The rudeness, snobbery and unpleasantness depicted by the fictional royal family in series 4 of The Crown is astonishing.
I have no idea why the creators felt it necessary to make caricatures out of the personalities, more in line with the television show Spitting Image than what we expect from writer Peter Morgan after his 2006 award-winning film The Queen.
As Head of State, the Queen extends every courtesy to her Prime Minister, especially when she is hostess. When Margaret and Dennis Thatcher visit Balmoral for the first time, Mrs Thatcher is made to feel uncomfortable and humiliated as she is allowed to trot out onto the moors in her trademark blue suit and court shoes. The Queen would never let anyone feel out of place in one of her homes. She would consider it not only rude but in contradiction of her duty as Queen. It would simply never happen. Nor would the scene where Lady Diana Spencer was made to look a fool when she formally joined the royal family and did not know when to curtsey or to whom. Diana’s father Johnny was a friend of the royals as well as a former equerry to the Queen and her late father King George VI. He would have told Diana exactly what to do and if she ignored his advice and got it wrong, even Princess Margaret in her worst mood would never have been so unpleasant.

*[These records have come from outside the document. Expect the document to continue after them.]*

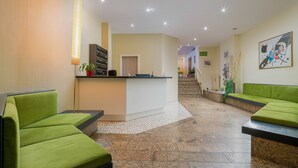 Eine Lobby mit grünen Sitzgelegenheiten, einem Empfangsbereich und einer Treppe zu einer anderen Etage.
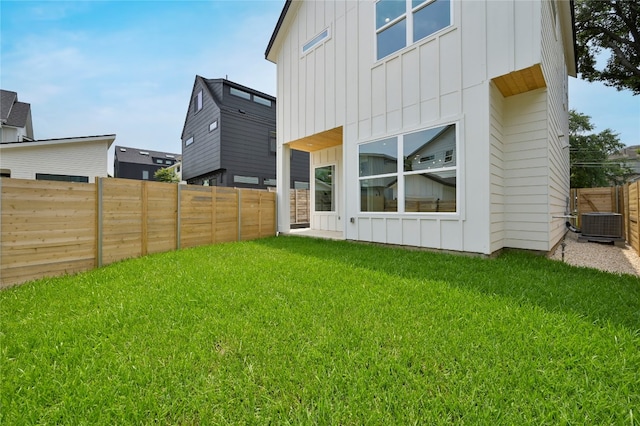 back of property with central AC unit and a yard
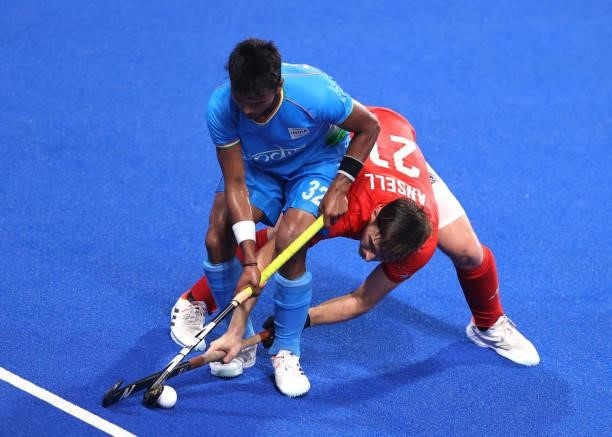 Vivek Sagar Prasad of Team India and Liam Paul Ansell of Team Great Britain battle for the ball during the Men's Quarterfinal match between India and...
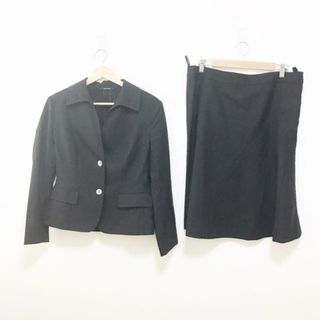 アクアスキュータム(AQUA SCUTUM)のAquascutum(アクアスキュータム) スカートスーツ レディース - 黒 肩パッド(スーツ)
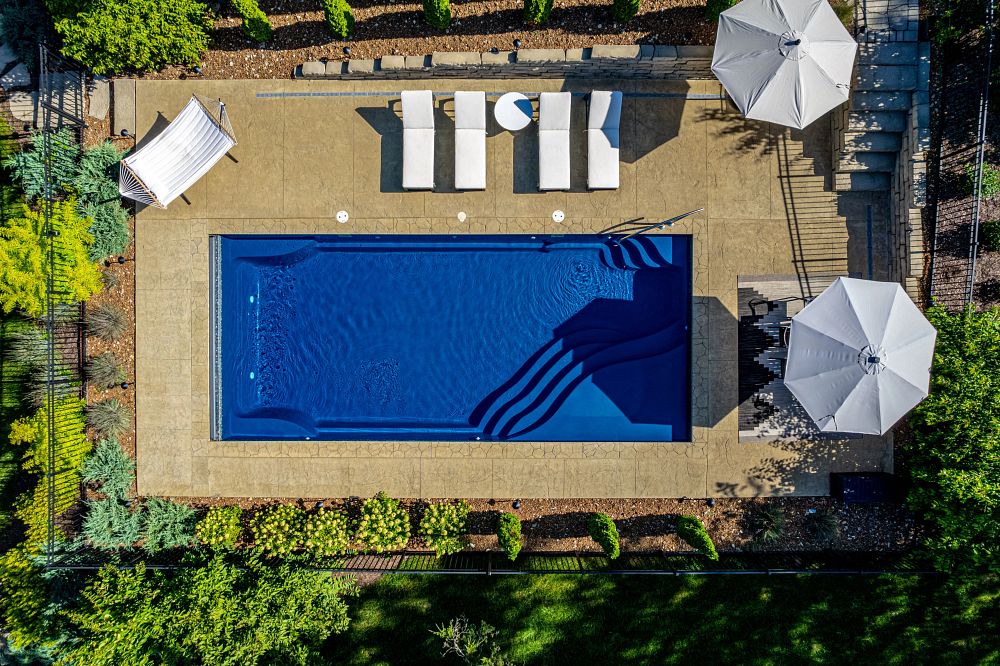 rectangular fiberglass pool surrounded by lounge chairs and umbrellas in southern backyard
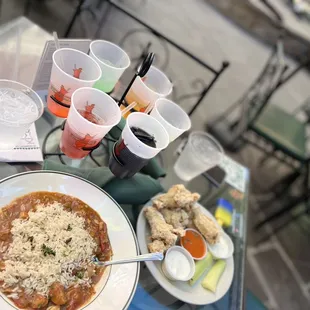 a plate of food and cups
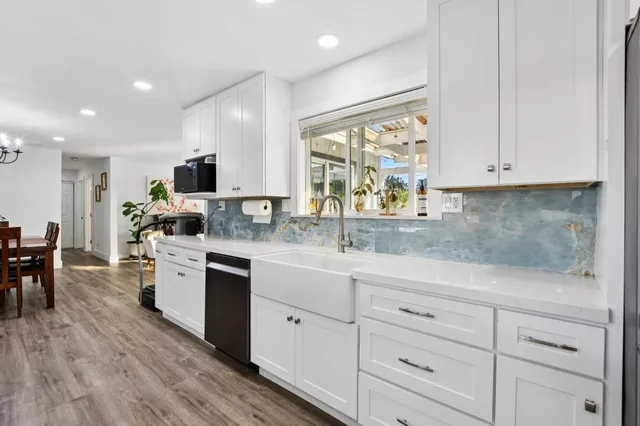 a kitchen with white cabinets sink and stainless steel appliances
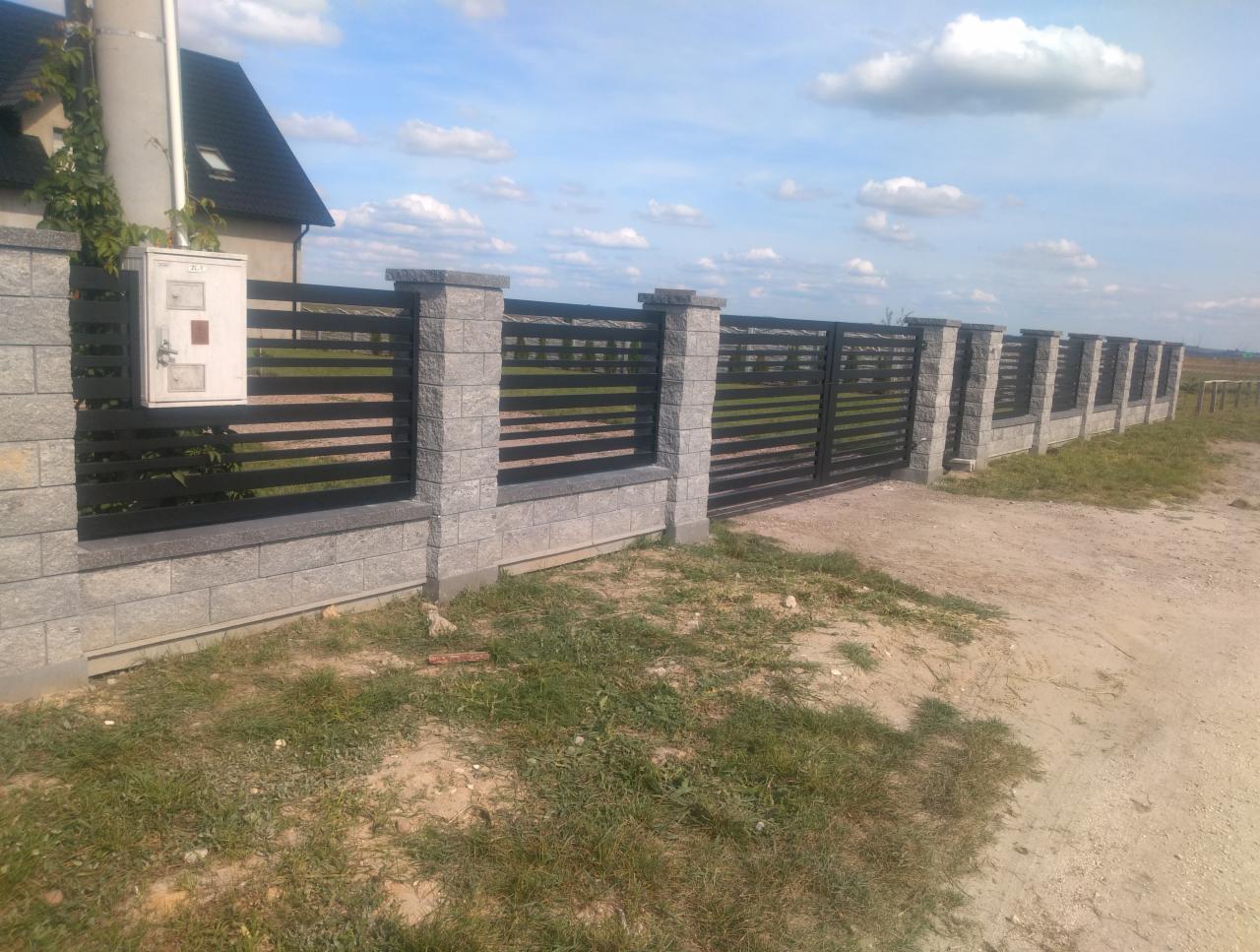 Nowoczesne ogrodzenie panelowe z szarego kamienia i czarnych poziomych przęseł, widok z zewnątrz posesji, na pierwszym planie trawa i gruntowa droga.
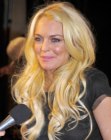 Blonde Lindsay Lohan with long curled hair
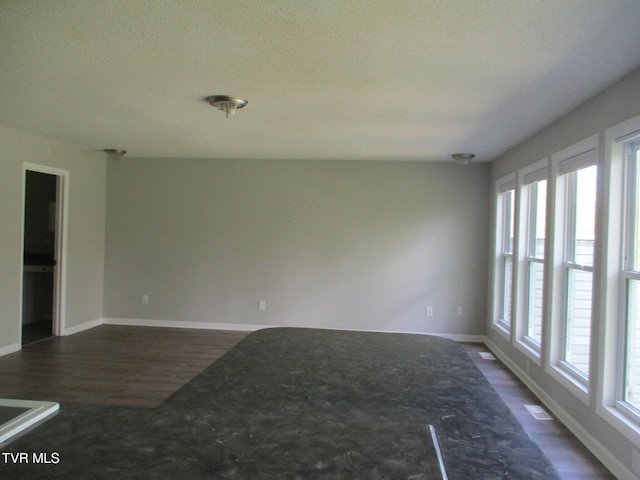 1209 Golf St, Bristol, TN 37620 - unfurnished room featuring dark wood-style floors, baseboards, and a textured ceiling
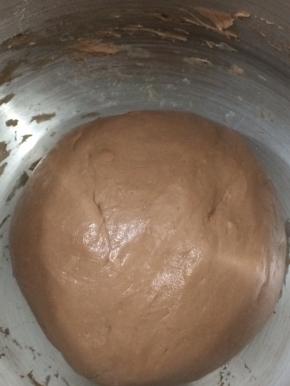 然后先用慢速1档把所有材料搅成团，再转2档高速搅拌面团到成团，揉好后的面团，拿出来揉成圆，放在桶里，用保鲜膜盖住，进行静置一小时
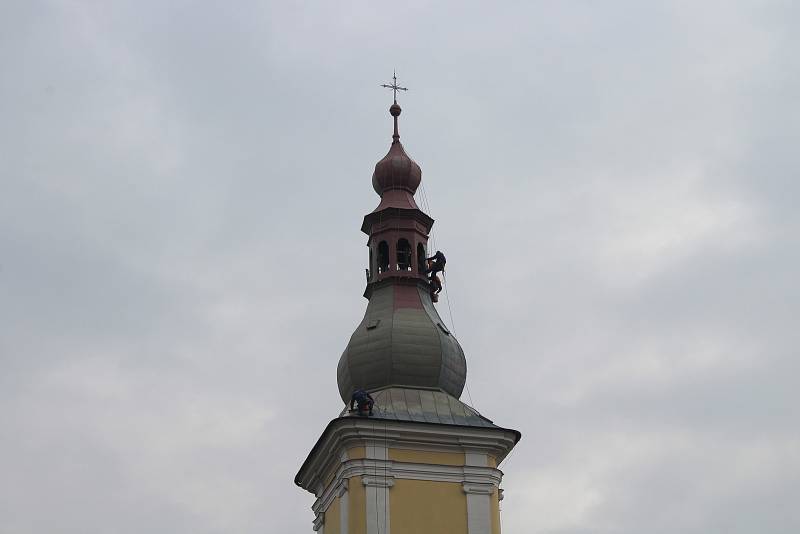 Skupina lezců natírá báň kostela svatého Bartoloměje v Zábřehu.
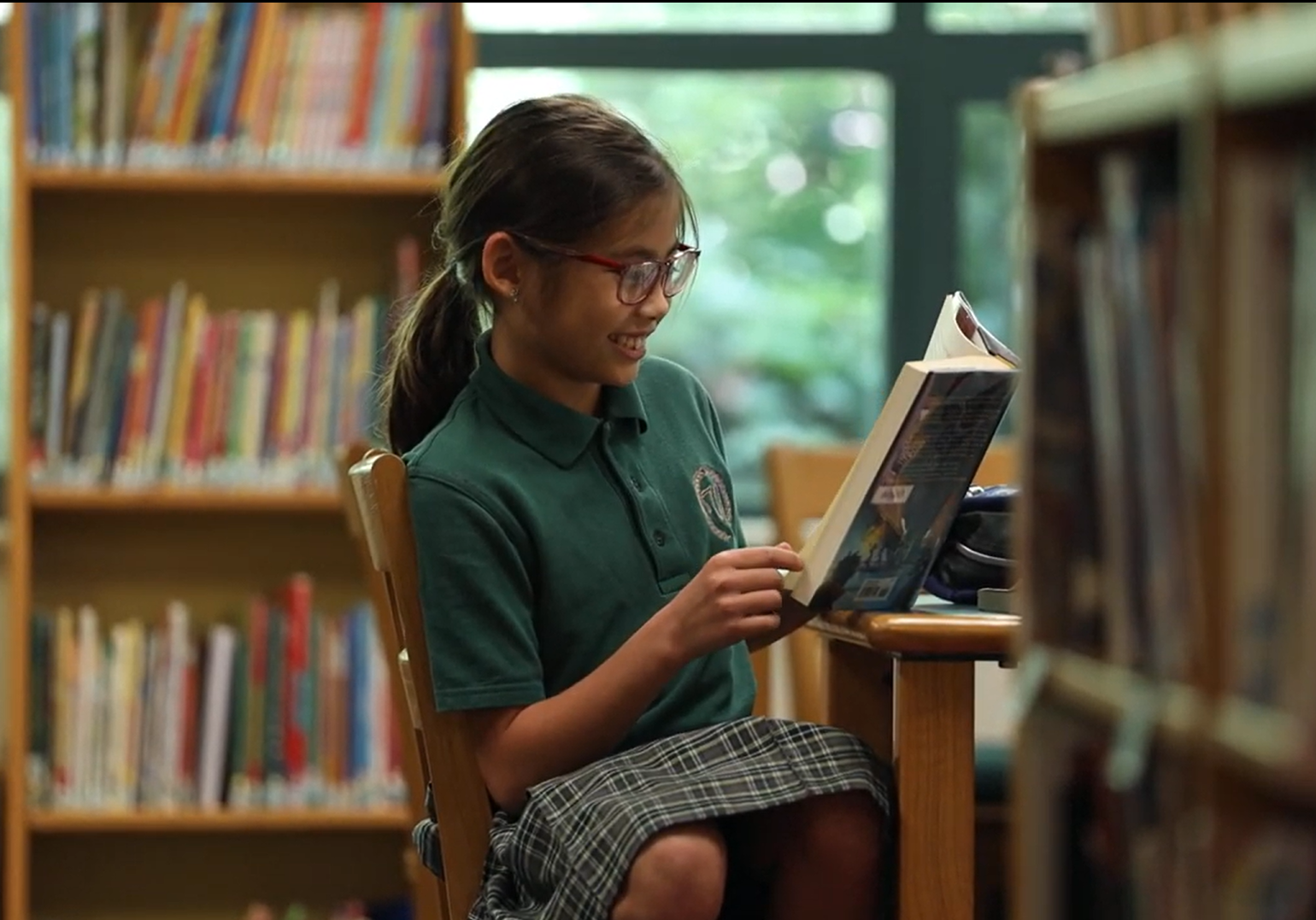 schrier Student reading a book in the school library.
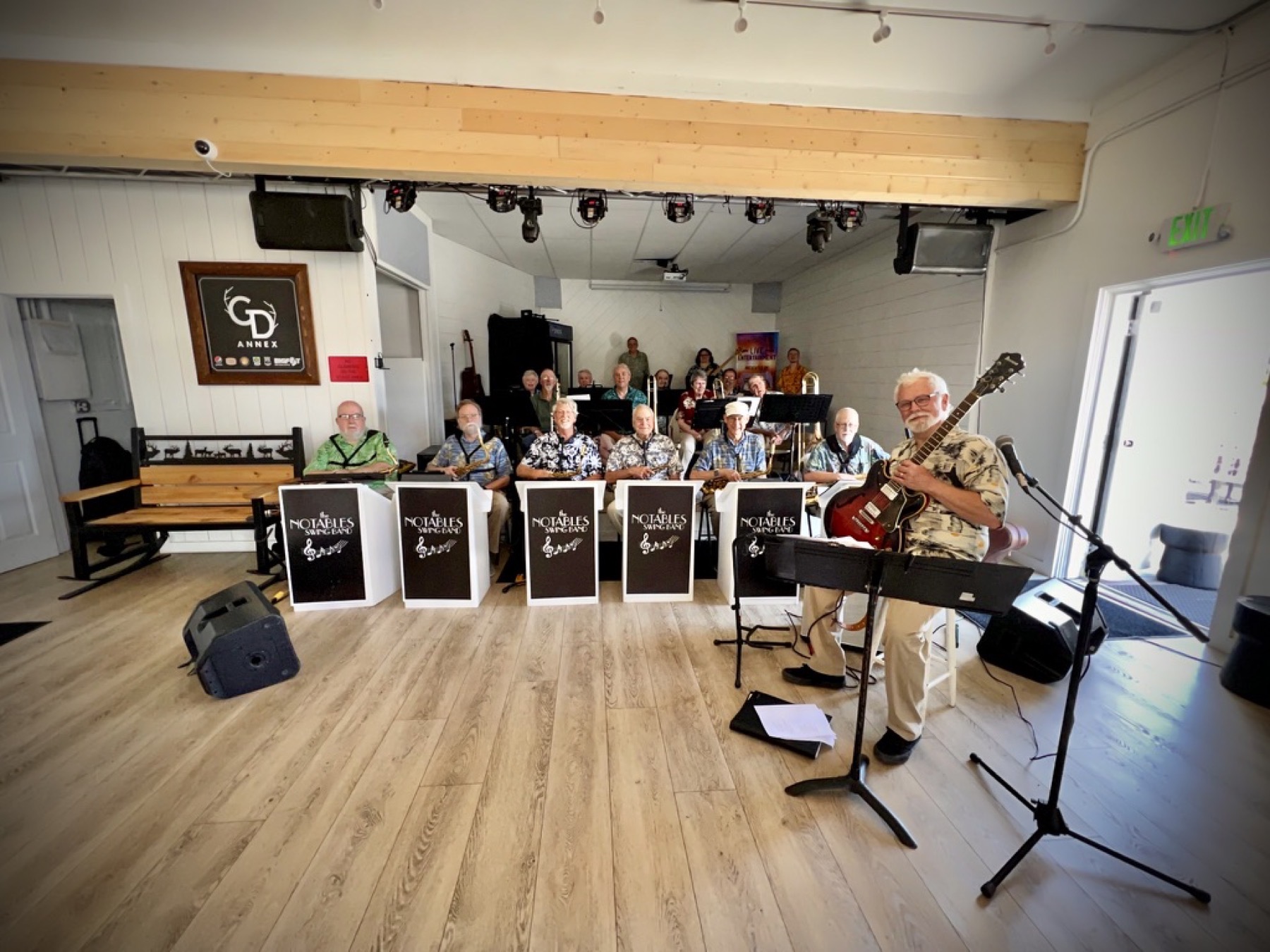 Notables Swing Band group photo with Lonnie holding a guitar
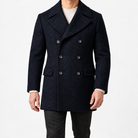 Herringbone double breasted coat with wide lapels in navy blue — male model front view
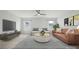 Relaxing living room with a leather sofa, chairs, large windows, and a sleek entertainment center at 203 Balboa St, Matthews, NC 28104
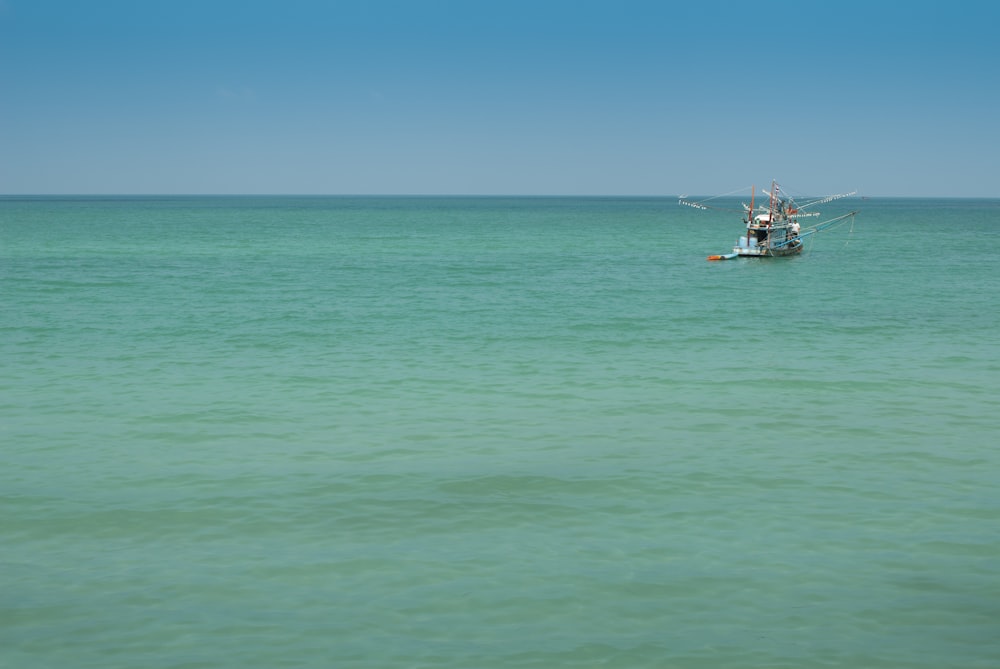 two people on a boat in the middle of the ocean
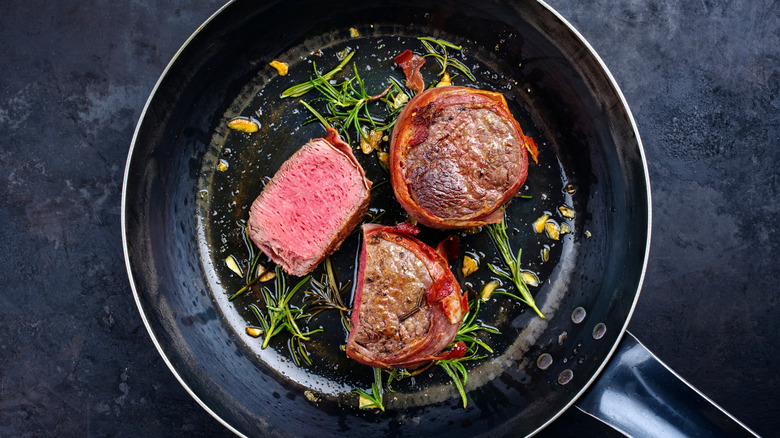 Bacon wrapped filets cooking in pan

Emma Corrin as young Diana is brilliant and captures that mix of shy Di later to be replaced by a Diana fighting for her emotional life and becoming cunning, flirtatious Di. No actress before her has captured the essence of Lady Diana Spencer and especially poignant is her transition from her giggly girly flatmates to her royal life. She leaves her Colherne Court girlfriends for the lofty red carpeted gloom of the old Buckingham Palace nursery quarters where she was housed while waiting for her fiancé Prince Charles. The 19 year-old Diana is left to her own devices in the net curtained apartment, amidst trolly loads of letters and endless bunches of beautiful flowers – especially on her 20th birthday, but no one to enjoy them with. She was so lonely she befriended anyone of the Queen’s staff who would give her the time of day and The Crown conveys her desperation perfectly albeit with a little poetic licence.
The Crown is a masterpiece of television drama. The sets are beautiful, the costumes well-researched and the misty interiors of the various royal houses and castles convincing, even if the characters are not.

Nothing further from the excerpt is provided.